● Action item:
Retype, word for word, the line holding "TEETH - Zbrush 24 Assorted Teeth IMM Brush" and every line below it to the end of the listing. Leave out the pictures.
--*--
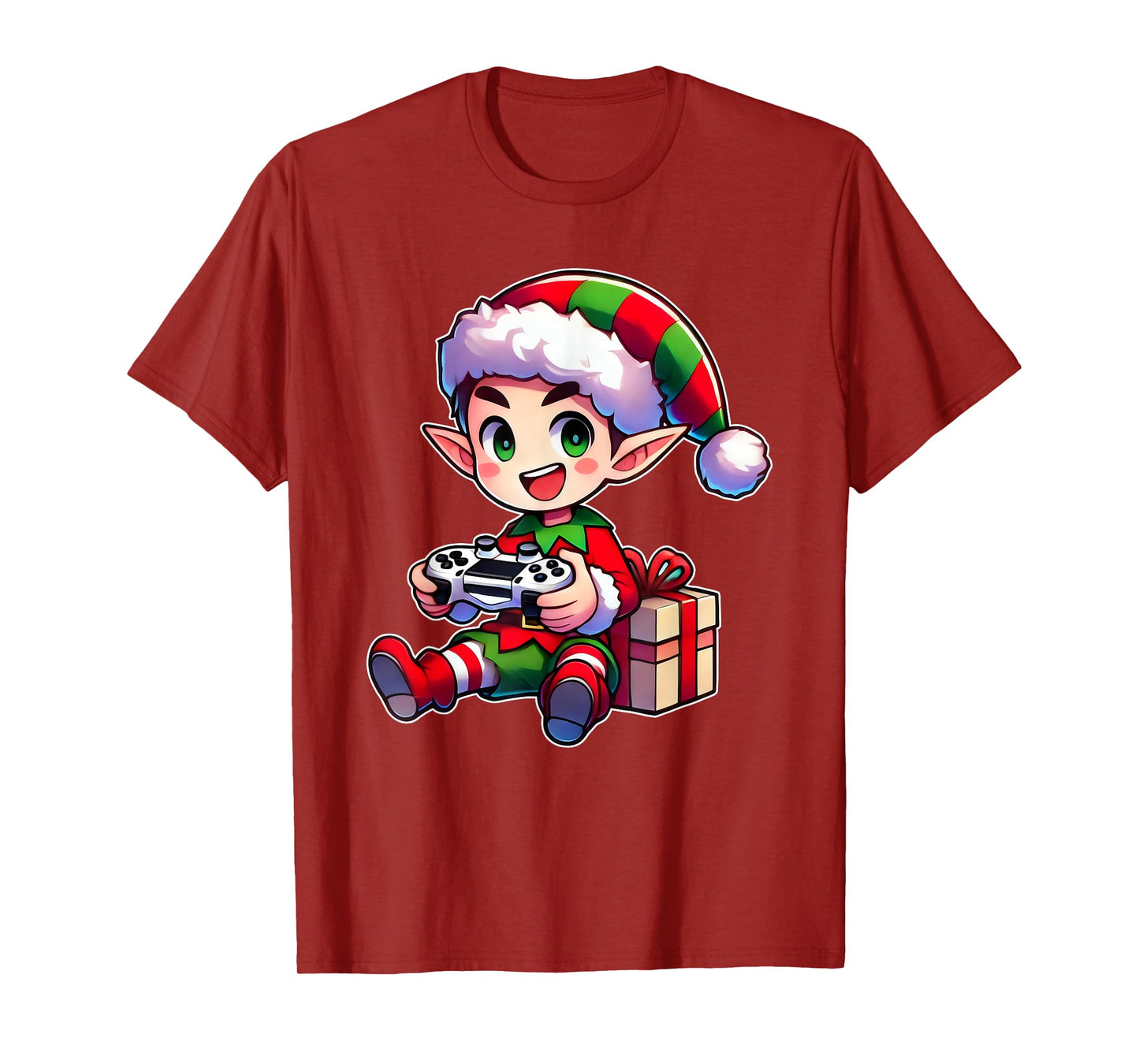 Gamer Elf Christmas Gaming Xmas Kids Boys T-Shirt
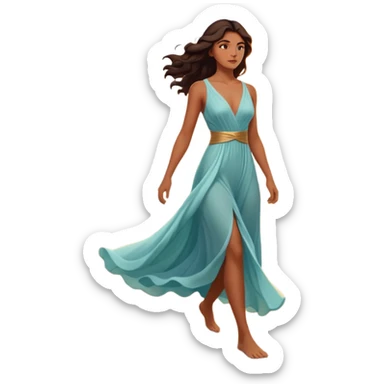A strong woman walking alone on a serene beach at sunrise, waves touching her feet, feeling empowered and peaceful, cinematic lighting, inspirational mood, ultra-detailed, 8k” sticker
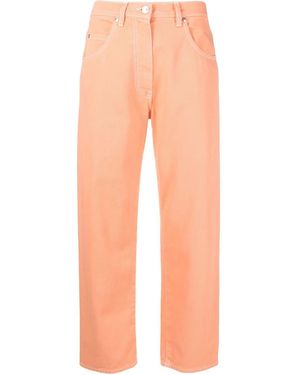 MSGM Cropped Straight-Leg Jeans - Orange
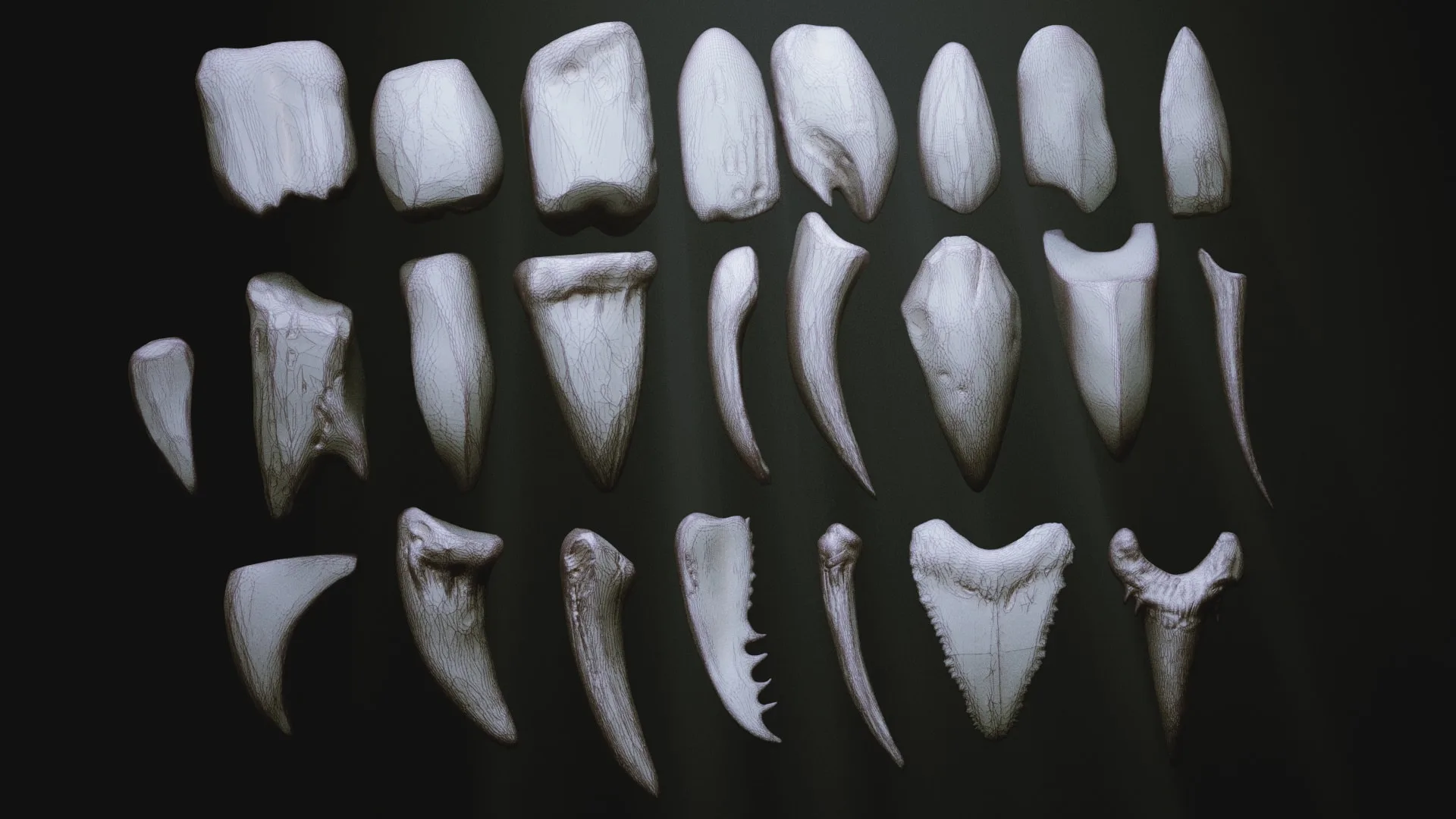 TEETH - Zbrush 24 Assorted Teeth IMM Brush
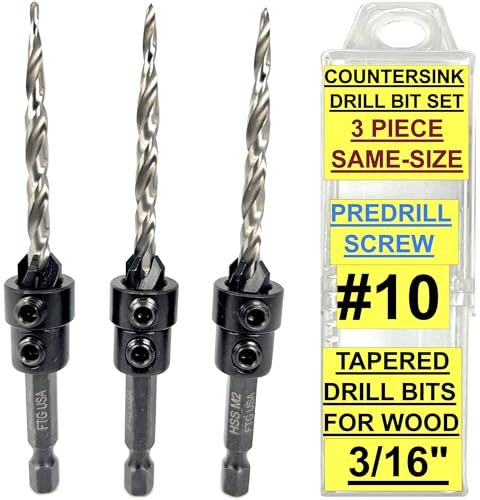 FTG USA 3 Pc #10 (3/16") Countersink Drill Bit Set with Tapered Drill Bi - size: #10, style: Same Sort 3 Pc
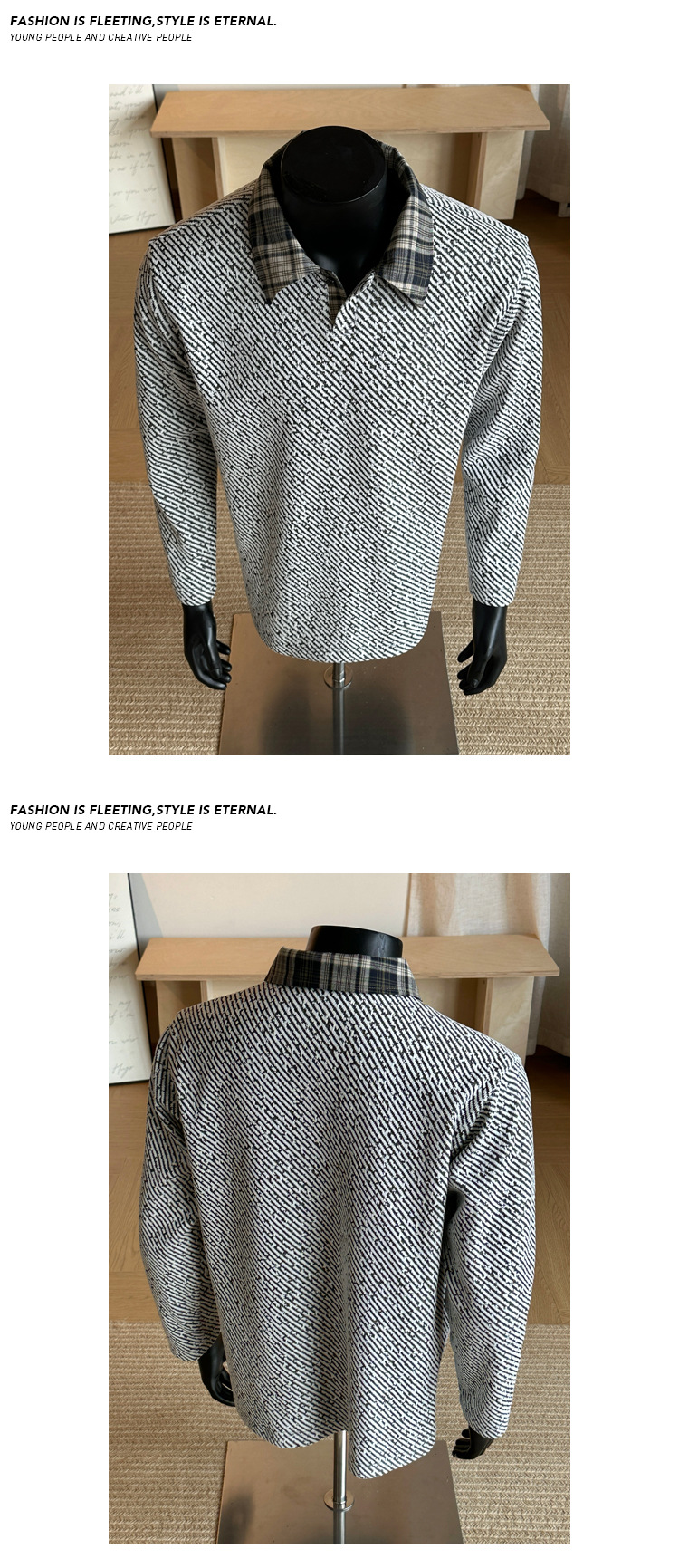 Amerikaanse retro polo sweatshirt met houndstooth voor iedereen_voghion.com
--*--
● Your solution:
 TEETH - Zbrush 24 Assorted Teeth IMM Brush
 FTG USA 3 Pc #10 (3/16") Countersink Drill Bit Set with Tapered Drill Bi - size: #10, style: Same Sort 3 Pc
 Amerikaanse retro polo sweatshirt met houndstooth voor iedereen_voghion.com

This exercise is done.